Gli sgombri, i pesci pelagici caratterizzati dalle striature che hanno sul dorso, sono animali adattabili: vivono in mari molto diversi, dalle coste del Mediterraneo fino alle isole a nord della Scozia.
Negli ultimi vent’anni inoltre hanno espanso il proprio areale verso nord, arrivando fino alle acque della Groenlandia, delle isole Svalbard e dell’Islanda. Non si sa bene perché sia successo: potrebbe dipendere dal riscaldamento globale, dall’aumento del numero degli esemplari, o da vari fattori insieme.

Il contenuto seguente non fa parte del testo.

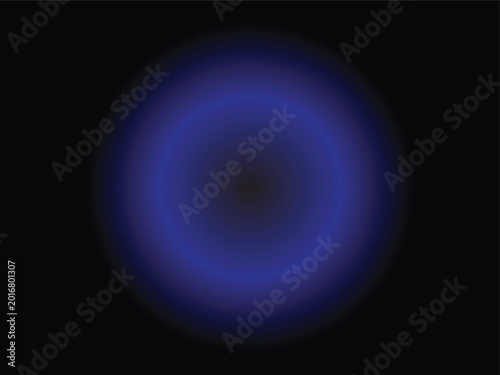 Blue circular gradient with darker center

In ogni caso le nuove abitudini degli sgombri stanno creando delle dispute internazionali, e potrebbero crearne sempre di più, perché ora anche l’Islanda vuole la sua parte nel sistema di quote di pescato stabilite tra i paesi del Nord Europa, come è stato spiegato in un articolo nell'Atlantic.
Fin dalla fine dell’Ottocento i paesi che si affacciano sul mare del Nord e sull’oceano Atlantico cercano di mettersi d’accordo su quanto e quale pesce può pescare ciascuno di loro. Nel 1902 fu fondato il Consiglio internazionale per l’esplorazione del mare (ICES), un’organizzazione scientifica con sede a Copenaghen che oggi ha 20 paesi membri e, per ciascuna specie pescata commercialmente, stima ogni anno le quantità che si possono pescare senza portare all’estinzione delle popolazioni. A partire dalle stime dell’ICES, i paesi che per ragioni geografiche o storiche pescano certe specie di pesci si mettono d’accordo su come ripartirsi le quote. Questo almeno in teoria: da più di 10 anni, cioè da quando gli sgombri hanno cambiato le loro rotte migratorie, i paesi del Nord Europa che li pescano non riescono a trovare un compromesso.